Dataset records:
────────────────────

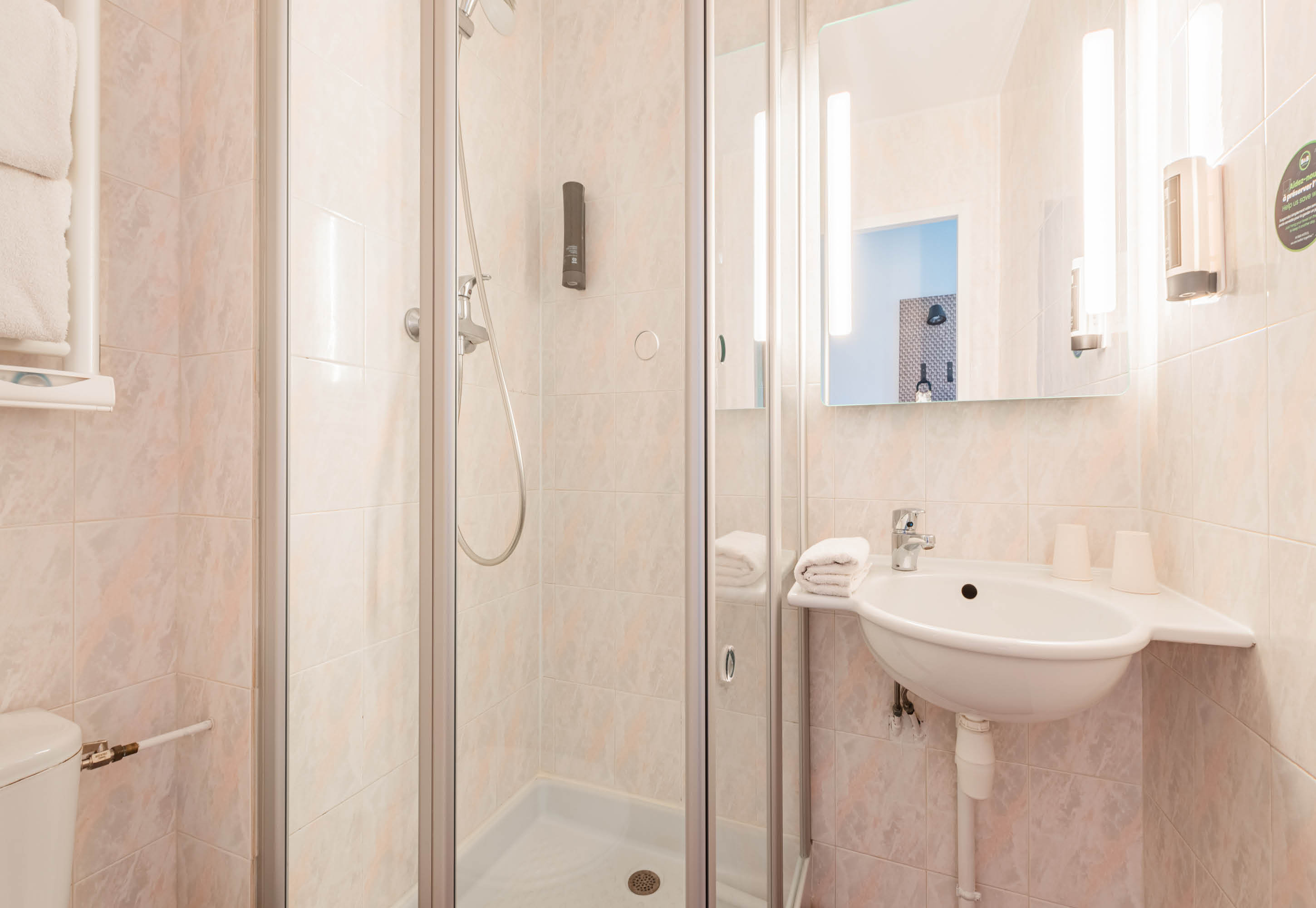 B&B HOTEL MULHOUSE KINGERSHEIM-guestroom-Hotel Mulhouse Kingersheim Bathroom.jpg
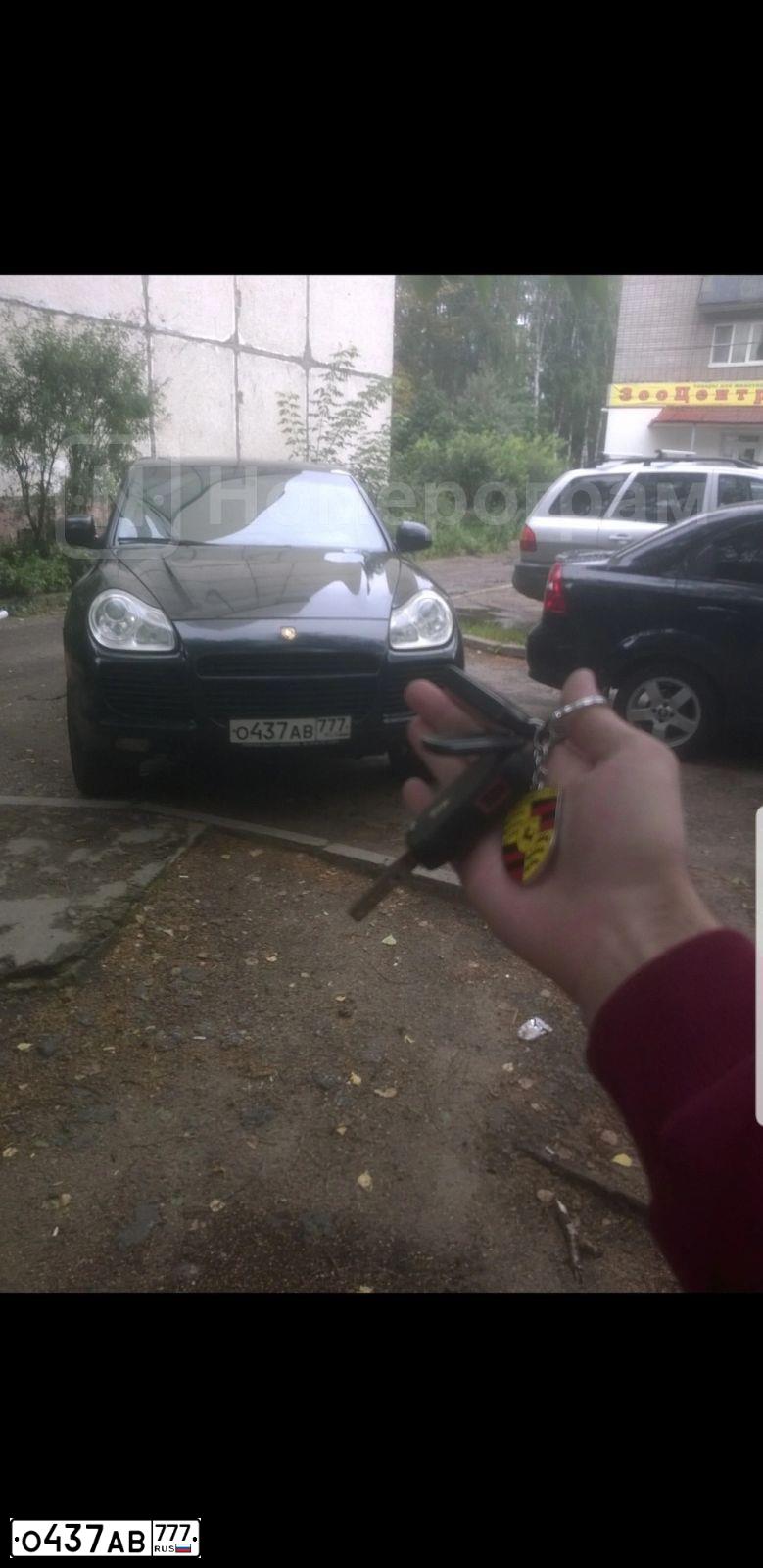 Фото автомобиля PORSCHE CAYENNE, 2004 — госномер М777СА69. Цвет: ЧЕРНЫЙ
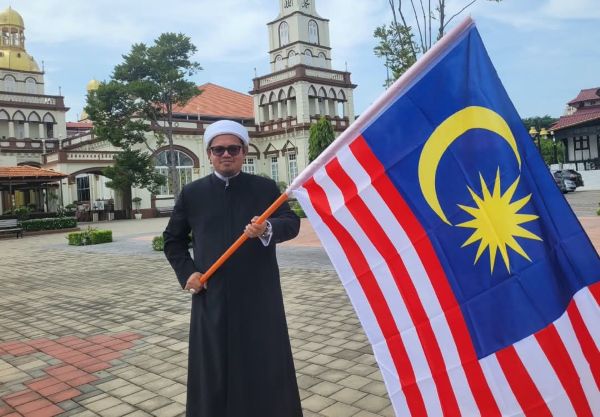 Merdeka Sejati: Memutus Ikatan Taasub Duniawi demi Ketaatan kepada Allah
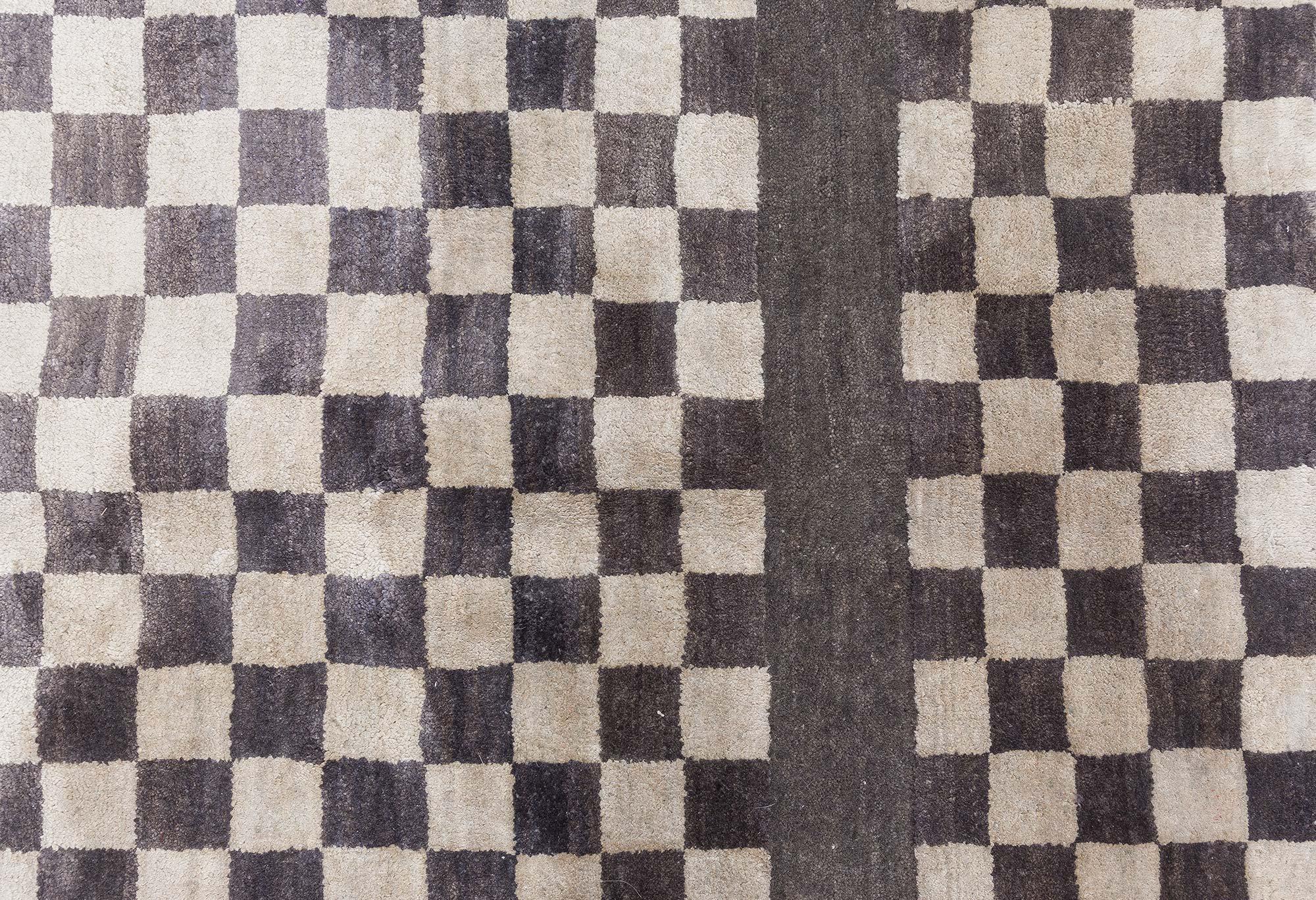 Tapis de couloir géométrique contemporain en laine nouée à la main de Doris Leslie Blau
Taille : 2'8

────────────────────

**Work required**
Transcribe all the entries precisely. Do not include any picture.

**Answer for this exercise**
 B&B HOTEL MULHOUSE KINGERSHEIM-guestroom-Hotel Mulhouse Kingersheim Bathroom.jpg
 Фото автомобиля PORSCHE CAYENNE, 2004 — госномер М777СА69. Цвет: ЧЕРНЫЙ
 Merdeka Sejati: Memutus Ikatan Taasub Duniawi demi Ketaatan kepada Allah
 Tapis de couloir géométrique contemporain en laine nouée à la main de Doris Leslie Blau
Taille : 2'8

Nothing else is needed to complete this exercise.